To make its pour-over coffee, Maialino uses Four Barrel coffee beans shipped from San Francisco, ceramic cones, and unbleached organic paper filters. “A good pour over takes, I find, between two and five minutes, depending on the people pouring it and your interaction with them,” Coraine says. “For me, part of what makes coffee good is interacting with the person making it.”

The restaurant, which opened in November of 2009, also serves made-to-order espresso drinks, press pots, and chilled coffee in warmer months. “We love coffee, we’re passionate about it,” Coraine says. “We’re always looking for better ways to present that to guests and raise our own bar.”

A TASTEFUL TREND
Oregon-based Stumptown Coffee Roasters operates cafés at two Ace Hotel locations, one in downtown Portland and the other in Midtown Manhattan. Flanking the hotel lobbies, the cafés ensure that guests don’t have to venture far for a quality cup of coffee. Stumptown also provides coffee for room service orders. “To me it’s more like, ‘Wow, every hotel should have something like this,’” says Matt Lounsbury, director of operations for Stumptown. “It’s amazing how many hotels have the opposite.”  

The independent coffee company started offering pour-over coffee six years ago when it opened the Annex in Portland, two doors down from its Belmont café. The Annex hosts free public tastings daily, which support the notion that gourmet coffee has achieved a fine wine-like status. 

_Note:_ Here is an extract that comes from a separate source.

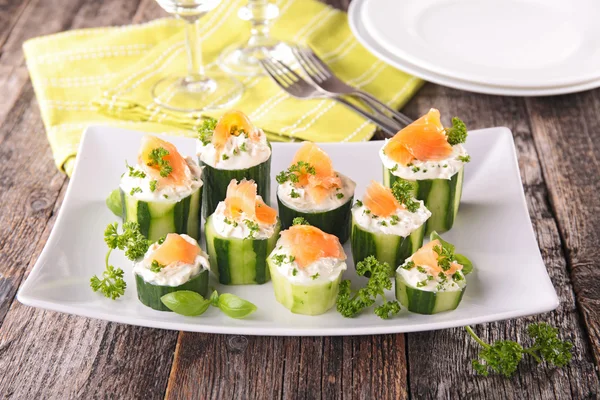 Canape aux concombres, fromages et saumon — Photo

“They don’t add offerings to their menu based on crazes, but because they believe in them,” Alex Calderwood, an owner of the Ace Hotel group, says of Stumptown. “It’s honest, and that’s why we like them.”
As many hotels are becoming more mindful of having a greener footprint and offering locally sourced food in their restaurants, Lounsbury says coffee should be a part of their thought process as well. 

In fact, Stumptown’s commitment to sustainability and fair trade played a part in the Ace Hotel’s decision to house the two cafés. “Partnering with them gives our guests a holistic experience of fine coffee that’s been responsibly roasted and procured, and served in an inspiring environment,” Calderwood says. “It seems to really complete the Ace experience, and has added to the draw of the hotels as a daily destination point for Manhattanites and Portlanders.”

At the Ace Hotel, Stumptown serves Chemex (a type of drip device used for pour overs) by the cup, as well as espresso and French press. 

For his own personal taste, Lounsbury says French press coffee is still enjoyable but the Beehouse dripper, a device Stumptown uses at the Annex and its brewbars, has changed his life. “I haven’t had French press in I don’t know how long,” he says. “[Pour over] is a clean, great way to drink coffee. A trend as it may be, I think it’s a trend that’s here to stay.”

So drink it all in, one cup at a time.